- Origin: San Francisco, California, USA
- Website: Bellydance Superstars website (2018)

= Bellydance Superstars =

American bellydance troupe

Bellydance Superstars is a professional American bellydance troupe formed in 2002 by producer and manager Miles Copeland. In its first six years of touring, it presented 700 shows in 22 countries. The troupe disbanded sometime in the mid-2000s after Copeland left to pursue other projects.

The line-up of performers became increasingly diverse throughout the years and the repertoire incorporated elements of many different dance styles including traditional Egyptian bellydance, Turkish bellydance, American Tribal Style and Tribal Fusion. The troupe toured extensively in North America, Europe, and Asia.

==Tours==
The Bellydance Superstars, sometimes called BDSS, first toured in conjunction with the Lollapalooza 2003 music festival. Since then, the troupe has completed several full circuits of the world, infusing new cultural dance styles into the shows along the way.

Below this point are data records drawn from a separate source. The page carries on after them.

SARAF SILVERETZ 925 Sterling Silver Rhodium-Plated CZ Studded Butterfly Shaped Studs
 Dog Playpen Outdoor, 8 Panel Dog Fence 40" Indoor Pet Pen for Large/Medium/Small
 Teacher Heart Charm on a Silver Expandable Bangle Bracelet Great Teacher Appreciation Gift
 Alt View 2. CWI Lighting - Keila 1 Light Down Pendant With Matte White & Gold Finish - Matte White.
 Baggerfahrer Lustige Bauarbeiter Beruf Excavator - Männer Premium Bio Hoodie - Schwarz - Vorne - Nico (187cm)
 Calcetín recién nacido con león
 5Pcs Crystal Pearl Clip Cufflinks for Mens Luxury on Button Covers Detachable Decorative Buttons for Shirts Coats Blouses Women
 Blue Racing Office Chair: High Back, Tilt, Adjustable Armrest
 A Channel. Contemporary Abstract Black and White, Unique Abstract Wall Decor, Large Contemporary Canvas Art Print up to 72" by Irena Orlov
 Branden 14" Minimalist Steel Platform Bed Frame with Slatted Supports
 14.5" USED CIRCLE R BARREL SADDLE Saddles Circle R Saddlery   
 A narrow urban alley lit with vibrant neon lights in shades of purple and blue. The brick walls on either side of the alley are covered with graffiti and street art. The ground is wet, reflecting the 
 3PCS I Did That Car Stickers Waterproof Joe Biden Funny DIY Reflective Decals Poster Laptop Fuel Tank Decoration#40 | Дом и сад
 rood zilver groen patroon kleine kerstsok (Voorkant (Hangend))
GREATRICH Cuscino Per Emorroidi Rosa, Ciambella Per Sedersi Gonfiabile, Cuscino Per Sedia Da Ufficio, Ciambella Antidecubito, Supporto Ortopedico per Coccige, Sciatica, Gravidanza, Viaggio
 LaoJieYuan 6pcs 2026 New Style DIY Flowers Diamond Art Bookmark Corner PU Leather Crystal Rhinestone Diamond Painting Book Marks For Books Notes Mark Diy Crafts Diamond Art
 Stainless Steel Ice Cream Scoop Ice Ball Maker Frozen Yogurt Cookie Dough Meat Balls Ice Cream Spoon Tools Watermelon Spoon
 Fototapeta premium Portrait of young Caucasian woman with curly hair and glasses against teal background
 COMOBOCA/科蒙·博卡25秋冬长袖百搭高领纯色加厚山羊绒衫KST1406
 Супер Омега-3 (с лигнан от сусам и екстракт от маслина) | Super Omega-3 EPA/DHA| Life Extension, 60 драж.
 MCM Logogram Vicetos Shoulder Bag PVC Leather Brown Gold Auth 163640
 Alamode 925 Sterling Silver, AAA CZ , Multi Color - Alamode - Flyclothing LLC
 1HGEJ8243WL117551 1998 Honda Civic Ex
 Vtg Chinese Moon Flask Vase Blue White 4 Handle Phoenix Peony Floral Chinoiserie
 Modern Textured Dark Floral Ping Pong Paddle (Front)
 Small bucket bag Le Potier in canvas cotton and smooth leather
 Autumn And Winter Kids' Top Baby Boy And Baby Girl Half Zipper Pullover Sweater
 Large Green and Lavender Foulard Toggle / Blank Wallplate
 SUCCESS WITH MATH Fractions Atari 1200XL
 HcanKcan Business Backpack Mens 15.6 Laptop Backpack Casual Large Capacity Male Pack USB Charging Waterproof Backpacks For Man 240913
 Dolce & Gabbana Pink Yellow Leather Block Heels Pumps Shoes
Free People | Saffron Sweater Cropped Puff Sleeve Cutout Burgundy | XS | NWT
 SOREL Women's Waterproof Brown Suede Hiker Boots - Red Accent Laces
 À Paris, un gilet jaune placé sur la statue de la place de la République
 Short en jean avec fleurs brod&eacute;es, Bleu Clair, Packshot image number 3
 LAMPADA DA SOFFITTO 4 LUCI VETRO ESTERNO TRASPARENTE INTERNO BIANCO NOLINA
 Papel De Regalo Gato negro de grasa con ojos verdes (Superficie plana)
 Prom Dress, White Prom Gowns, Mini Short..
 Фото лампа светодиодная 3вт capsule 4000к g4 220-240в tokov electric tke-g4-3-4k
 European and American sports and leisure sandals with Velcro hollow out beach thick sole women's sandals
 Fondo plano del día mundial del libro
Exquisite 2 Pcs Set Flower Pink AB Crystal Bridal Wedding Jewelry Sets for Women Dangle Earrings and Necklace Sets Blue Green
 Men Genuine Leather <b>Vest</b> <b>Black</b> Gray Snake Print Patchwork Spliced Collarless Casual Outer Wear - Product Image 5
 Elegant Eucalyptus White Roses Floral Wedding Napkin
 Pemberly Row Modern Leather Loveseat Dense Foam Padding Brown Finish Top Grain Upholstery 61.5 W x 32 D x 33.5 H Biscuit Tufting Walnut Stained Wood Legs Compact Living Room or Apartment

"Bombay Bellywood" is their 75-stop tour that spanned the United States starting in October 2010. Several of the dancers learned some classical Indian dance for this trip.

==Critical reception==
The Bellydance Superstars have been described as "poised to be the next Riverdance." An academic study also compares the two companies, discussing their transformation of dance tradition into stage spectacle.

==Media==
In addition to live performances, the Bellydance Superstars company has produced instructional and performance DVDs with every level of learner in mind as well as a series of CDs featuring songs from their performances. Some of the dancers have created compilations of their personal favorites, such as Kami Liddle’s Tribal Beats for the Strange and Beautiful.

The company filmed a feature documentary called American Bellydancer. Several of the shows have been broadcast on national television in the USA, Latin America and Canada. The Bellydance Superstars Live in Paris show aired extensively on US public television station PBS.